**Exercise data**
··········
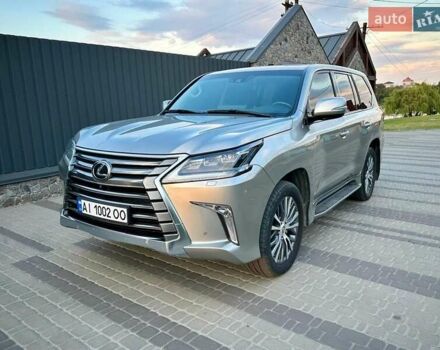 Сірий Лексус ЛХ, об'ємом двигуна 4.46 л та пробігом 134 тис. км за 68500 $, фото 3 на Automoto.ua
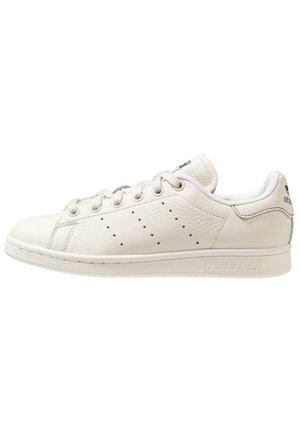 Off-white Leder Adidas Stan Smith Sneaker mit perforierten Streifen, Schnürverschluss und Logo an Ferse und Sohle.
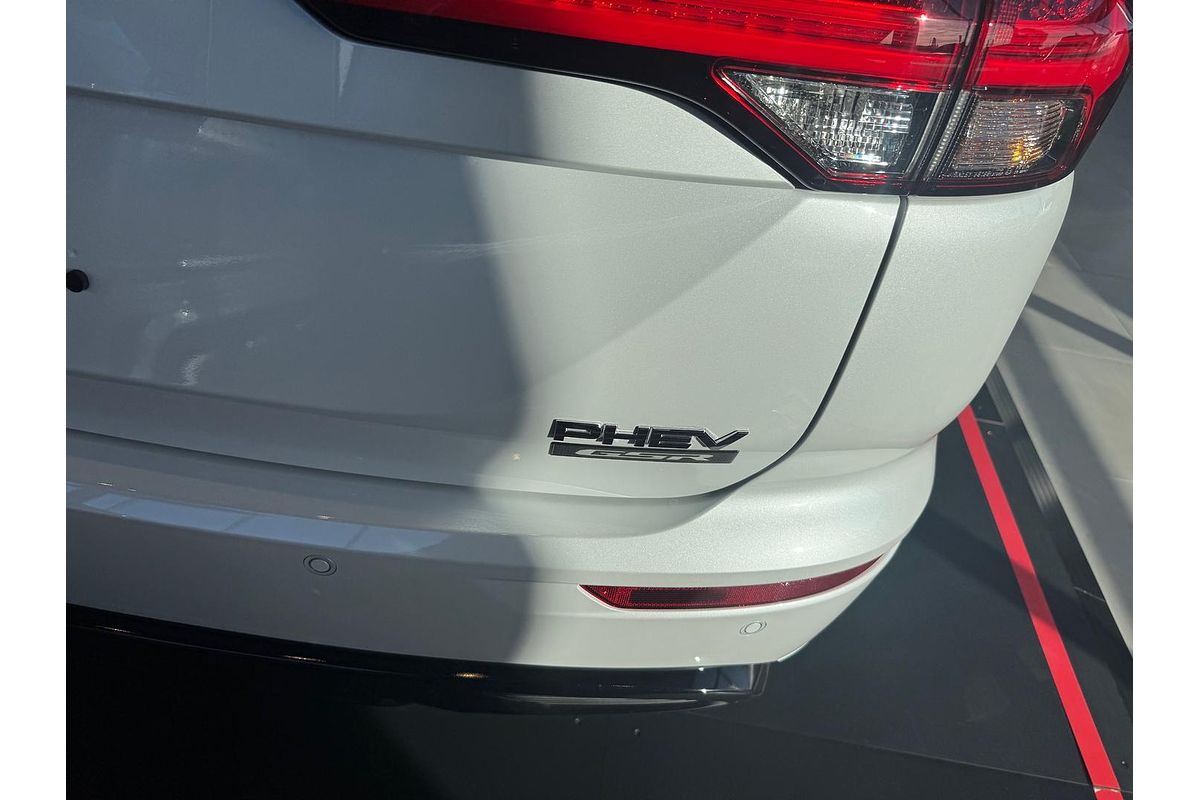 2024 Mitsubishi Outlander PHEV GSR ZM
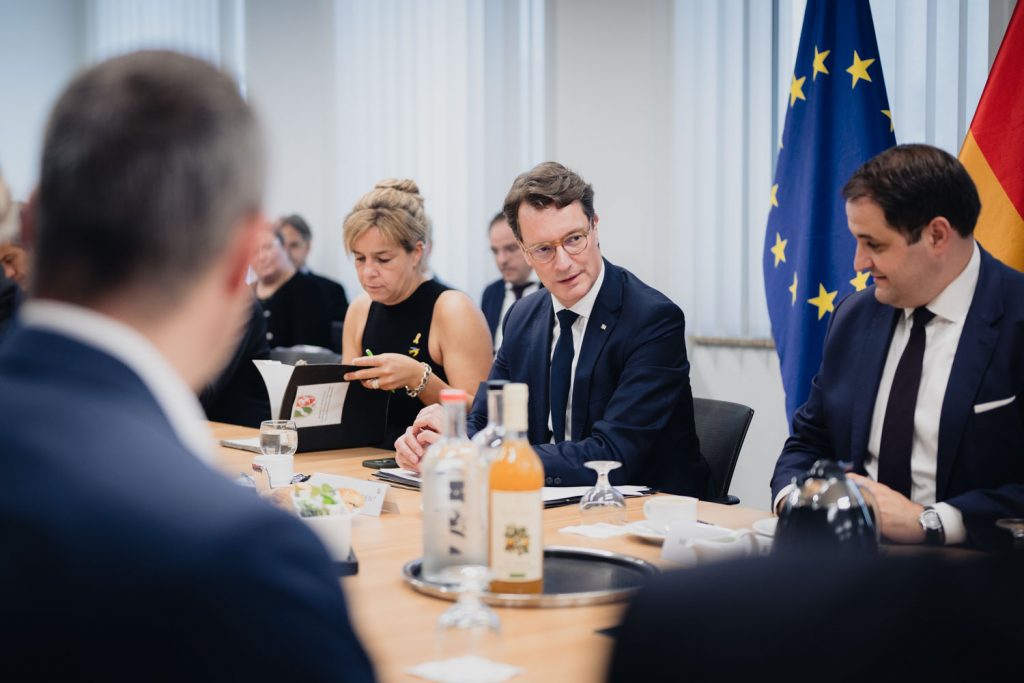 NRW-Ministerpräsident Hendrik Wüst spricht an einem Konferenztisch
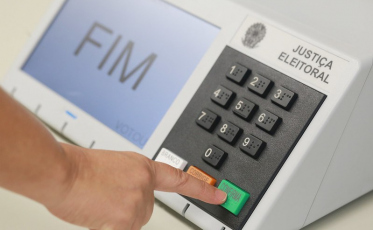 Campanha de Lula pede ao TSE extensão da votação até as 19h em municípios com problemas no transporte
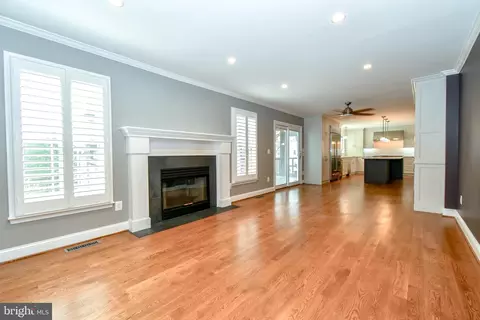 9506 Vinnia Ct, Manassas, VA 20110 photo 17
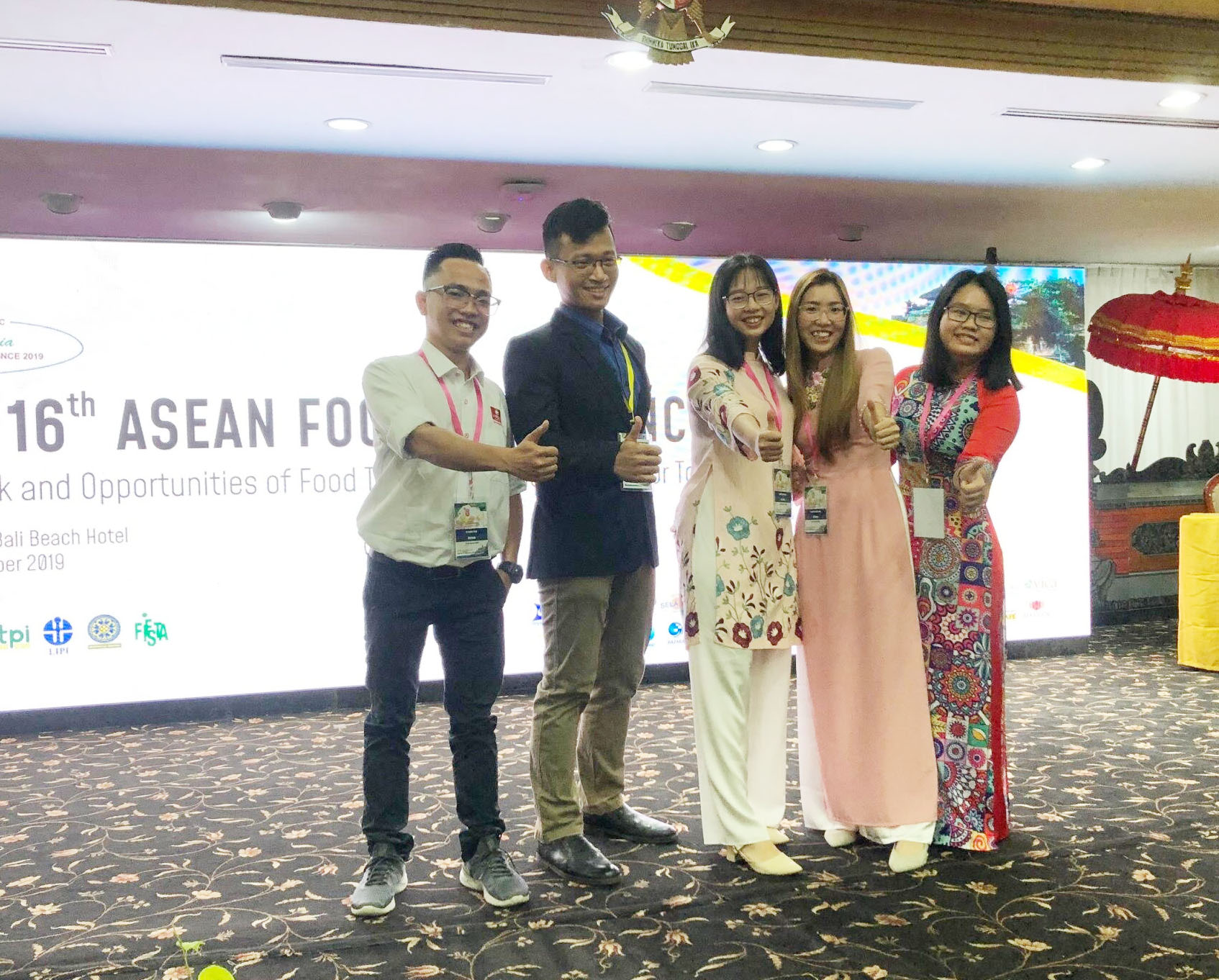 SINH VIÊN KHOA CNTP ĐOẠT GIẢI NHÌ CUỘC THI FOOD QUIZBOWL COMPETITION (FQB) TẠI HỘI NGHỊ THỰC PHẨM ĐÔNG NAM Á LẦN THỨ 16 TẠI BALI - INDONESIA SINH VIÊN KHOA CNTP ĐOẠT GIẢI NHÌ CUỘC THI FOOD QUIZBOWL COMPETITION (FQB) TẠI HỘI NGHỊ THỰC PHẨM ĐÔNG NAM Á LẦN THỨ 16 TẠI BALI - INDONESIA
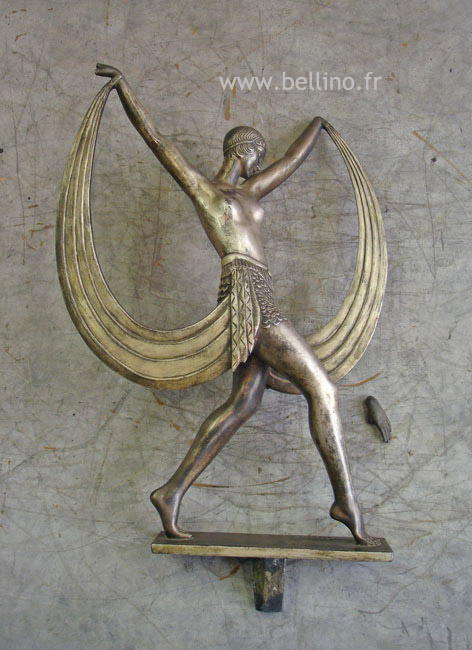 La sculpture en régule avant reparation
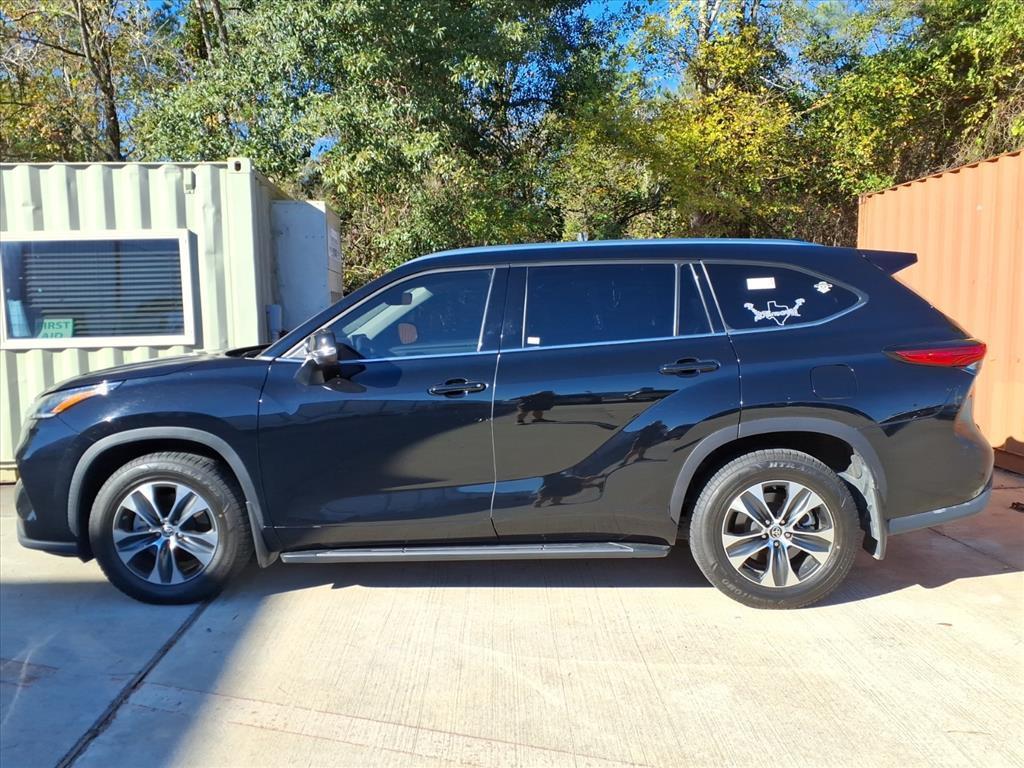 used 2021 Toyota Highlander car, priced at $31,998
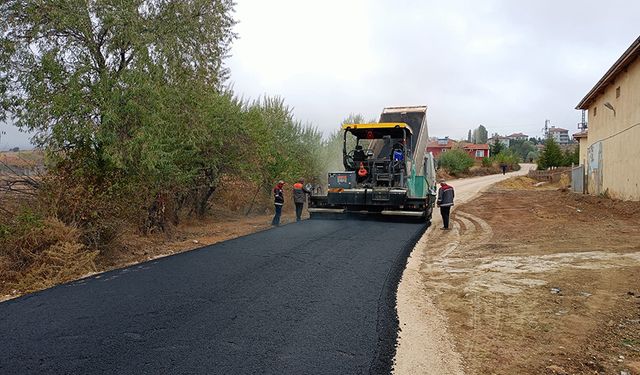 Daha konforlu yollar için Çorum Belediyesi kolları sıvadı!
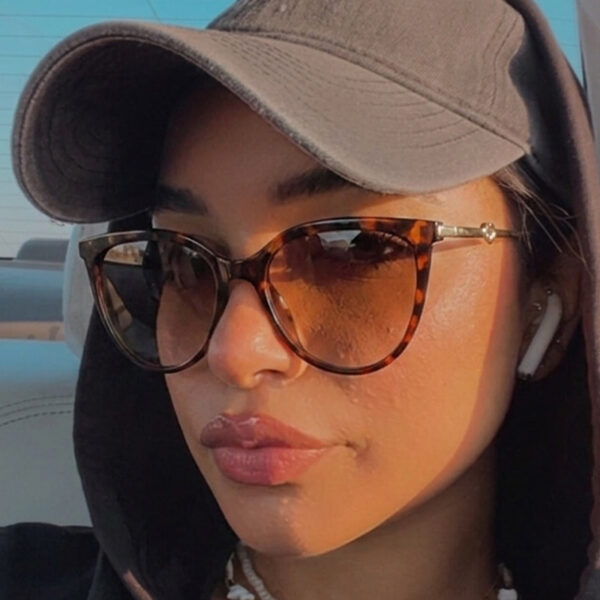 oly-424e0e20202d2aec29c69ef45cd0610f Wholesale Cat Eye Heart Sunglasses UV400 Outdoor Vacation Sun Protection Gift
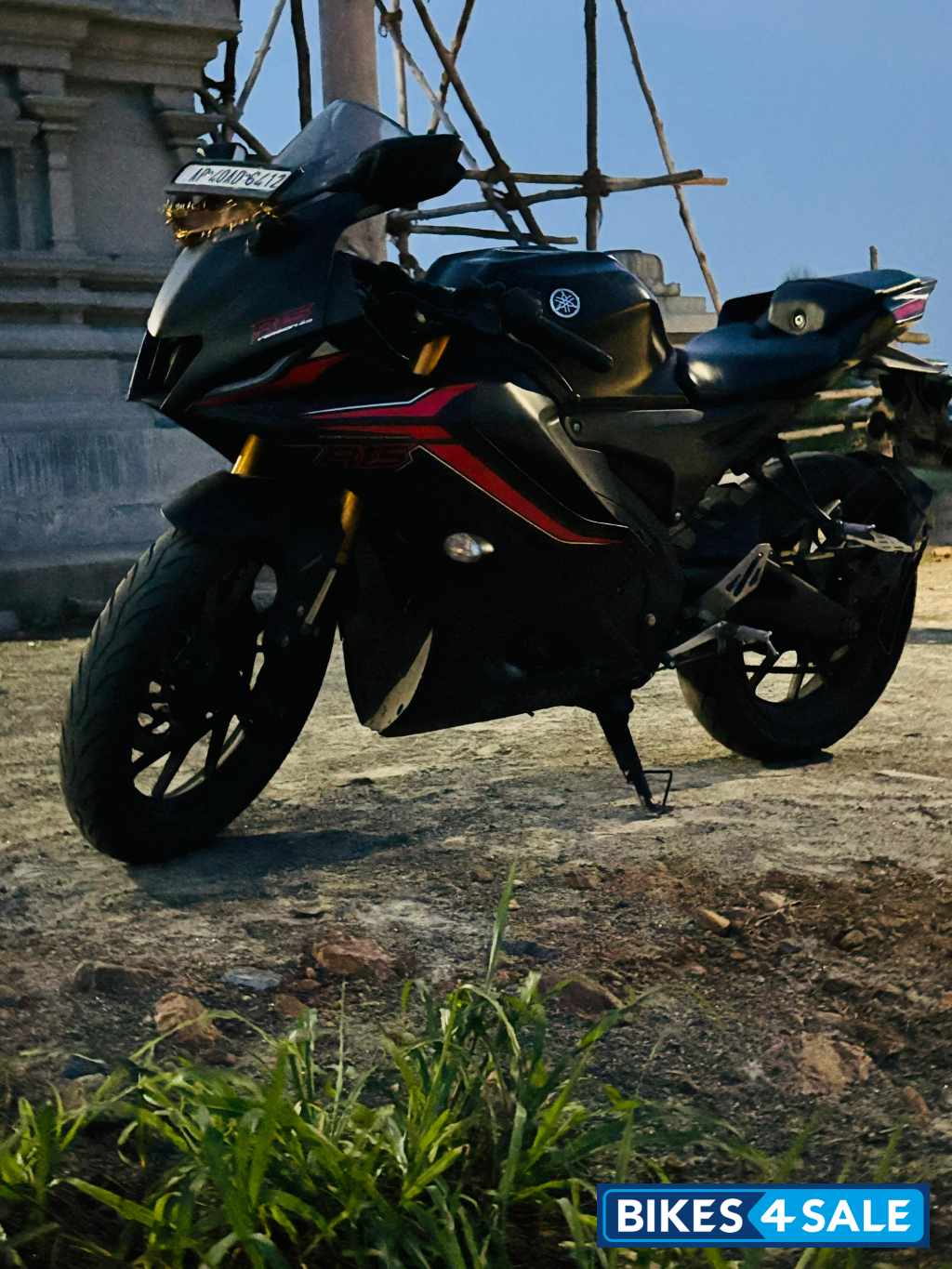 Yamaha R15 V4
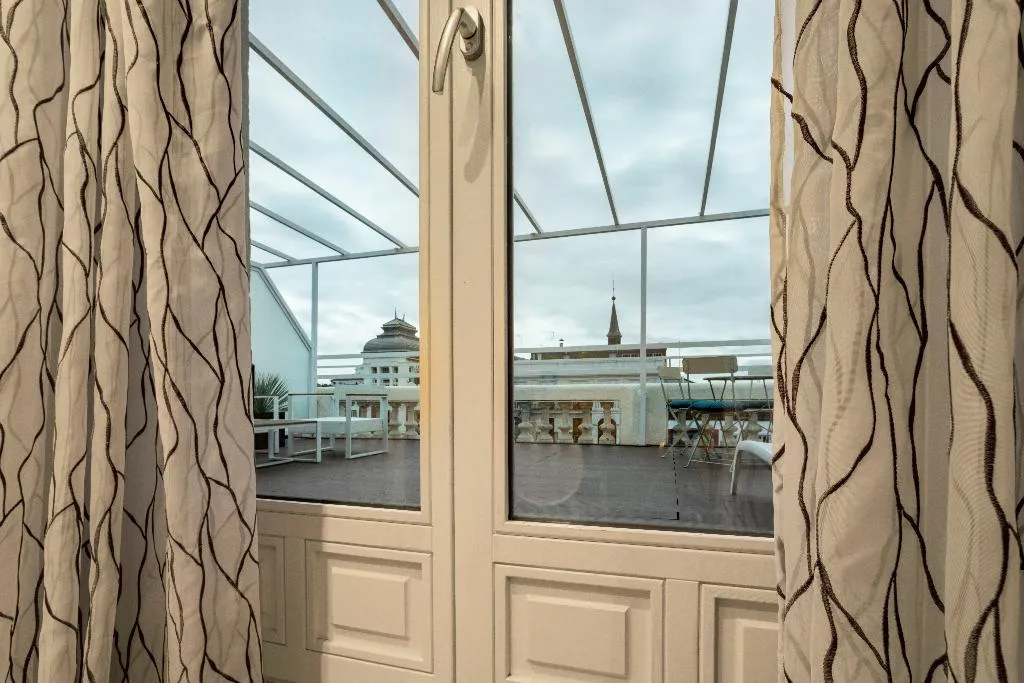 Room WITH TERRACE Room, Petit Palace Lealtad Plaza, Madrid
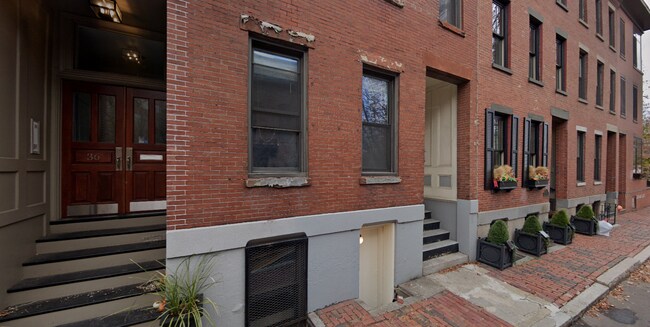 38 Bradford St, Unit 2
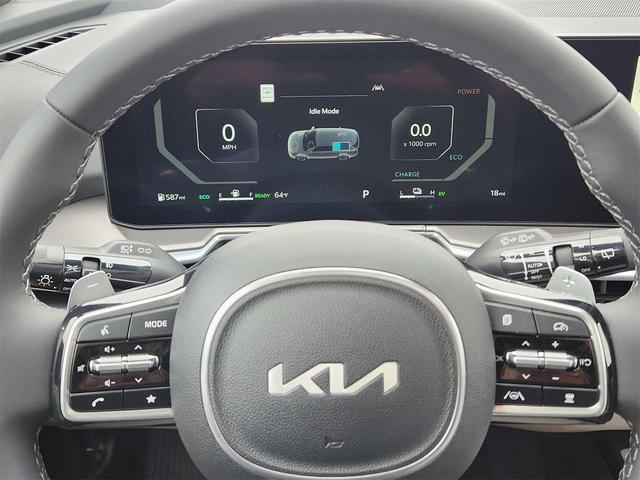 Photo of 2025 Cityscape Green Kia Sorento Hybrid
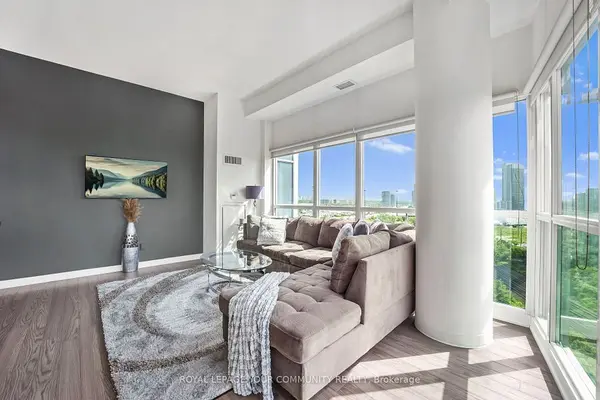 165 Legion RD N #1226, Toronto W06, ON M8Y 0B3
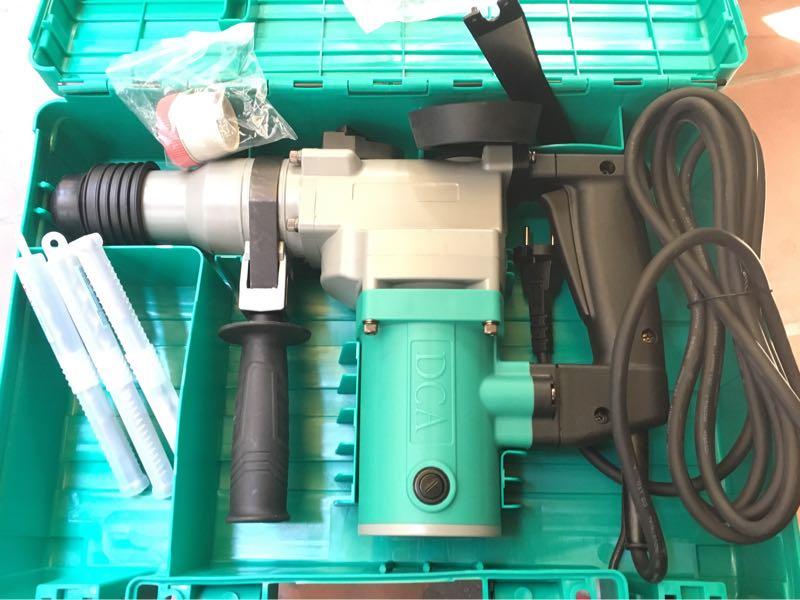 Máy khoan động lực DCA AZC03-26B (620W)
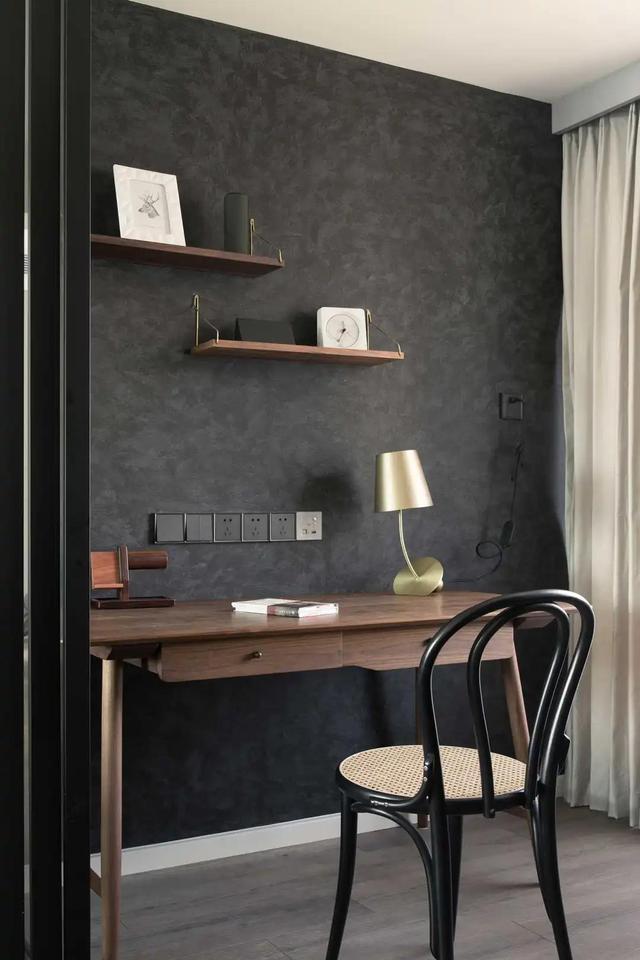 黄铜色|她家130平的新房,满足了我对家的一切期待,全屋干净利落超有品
··········
With the pictures left out, give again exactly the lines from the one that contains "La sculpture en régule avant reparation" through the final line of the data above.

**Response for this exercise**
 La sculpture en régule avant reparation
 used 2021 Toyota Highlander car, priced at $31,998
 Daha konforlu yollar için Çorum Belediyesi kolları sıvadı!
 oly-424e0e20202d2aec29c69ef45cd0610f Wholesale Cat Eye Heart Sunglasses UV400 Outdoor Vacation Sun Protection Gift
 Yamaha R15 V4
 Room WITH TERRACE Room, Petit Palace Lealtad Plaza, Madrid
 38 Bradford St, Unit 2
 Photo of 2025 Cityscape Green Kia Sorento Hybrid
 165 Legion RD N #1226, Toronto W06, ON M8Y 0B3
 Máy khoan động lực DCA AZC03-26B (620W)
 黄铜色|她家130平的新房,满足了我对家的一切期待,全屋干净利落超有品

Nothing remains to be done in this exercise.